* **Your objective**:
Scan the material below and copy every line holding the word "wallet".

* **The input**:
——

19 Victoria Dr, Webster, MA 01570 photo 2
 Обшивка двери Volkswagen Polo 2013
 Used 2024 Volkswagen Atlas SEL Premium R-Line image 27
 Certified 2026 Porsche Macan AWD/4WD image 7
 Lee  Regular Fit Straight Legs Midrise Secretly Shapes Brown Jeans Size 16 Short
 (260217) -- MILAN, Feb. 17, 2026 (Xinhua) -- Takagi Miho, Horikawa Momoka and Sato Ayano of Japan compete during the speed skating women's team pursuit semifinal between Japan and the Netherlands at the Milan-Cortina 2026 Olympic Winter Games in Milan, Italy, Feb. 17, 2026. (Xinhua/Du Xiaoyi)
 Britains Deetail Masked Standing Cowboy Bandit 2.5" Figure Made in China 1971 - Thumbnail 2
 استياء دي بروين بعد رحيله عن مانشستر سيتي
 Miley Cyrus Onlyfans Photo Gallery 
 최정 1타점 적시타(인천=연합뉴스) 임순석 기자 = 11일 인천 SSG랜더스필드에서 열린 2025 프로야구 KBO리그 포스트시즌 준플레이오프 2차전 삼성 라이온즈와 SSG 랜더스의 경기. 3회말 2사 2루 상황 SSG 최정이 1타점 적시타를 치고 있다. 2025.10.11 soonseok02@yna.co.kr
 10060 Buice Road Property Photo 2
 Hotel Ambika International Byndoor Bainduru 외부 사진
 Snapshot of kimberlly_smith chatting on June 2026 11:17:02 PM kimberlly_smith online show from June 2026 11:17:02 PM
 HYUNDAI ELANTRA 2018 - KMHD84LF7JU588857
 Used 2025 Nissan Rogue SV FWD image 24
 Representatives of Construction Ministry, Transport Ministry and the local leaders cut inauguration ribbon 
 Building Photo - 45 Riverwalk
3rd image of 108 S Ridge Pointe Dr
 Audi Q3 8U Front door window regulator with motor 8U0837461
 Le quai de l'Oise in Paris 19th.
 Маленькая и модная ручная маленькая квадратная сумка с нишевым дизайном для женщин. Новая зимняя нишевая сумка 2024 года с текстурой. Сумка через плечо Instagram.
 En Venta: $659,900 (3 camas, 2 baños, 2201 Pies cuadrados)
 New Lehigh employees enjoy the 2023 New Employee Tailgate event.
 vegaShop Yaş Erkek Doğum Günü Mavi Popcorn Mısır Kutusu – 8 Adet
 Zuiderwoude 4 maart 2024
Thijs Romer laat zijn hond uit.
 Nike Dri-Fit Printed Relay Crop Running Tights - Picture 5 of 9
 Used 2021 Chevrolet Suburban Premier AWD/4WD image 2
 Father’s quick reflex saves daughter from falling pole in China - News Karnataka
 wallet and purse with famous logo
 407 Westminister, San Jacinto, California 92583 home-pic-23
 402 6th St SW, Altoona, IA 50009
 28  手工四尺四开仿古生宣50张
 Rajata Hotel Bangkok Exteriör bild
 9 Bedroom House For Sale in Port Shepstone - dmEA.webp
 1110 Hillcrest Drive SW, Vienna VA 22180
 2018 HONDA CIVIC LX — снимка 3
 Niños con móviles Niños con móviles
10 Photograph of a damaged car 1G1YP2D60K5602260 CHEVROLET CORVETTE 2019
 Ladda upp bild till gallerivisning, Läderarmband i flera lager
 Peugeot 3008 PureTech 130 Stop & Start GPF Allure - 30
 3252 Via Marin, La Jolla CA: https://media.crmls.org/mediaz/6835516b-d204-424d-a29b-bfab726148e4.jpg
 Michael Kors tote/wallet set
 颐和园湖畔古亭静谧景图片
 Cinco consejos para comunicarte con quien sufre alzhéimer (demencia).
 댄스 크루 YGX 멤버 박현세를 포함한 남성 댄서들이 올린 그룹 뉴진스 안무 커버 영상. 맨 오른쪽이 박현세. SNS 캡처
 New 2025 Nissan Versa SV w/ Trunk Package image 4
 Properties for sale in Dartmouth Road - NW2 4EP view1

——

* **Answer box**:
 wallet and purse with famous logo
 Michael Kors tote/wallet set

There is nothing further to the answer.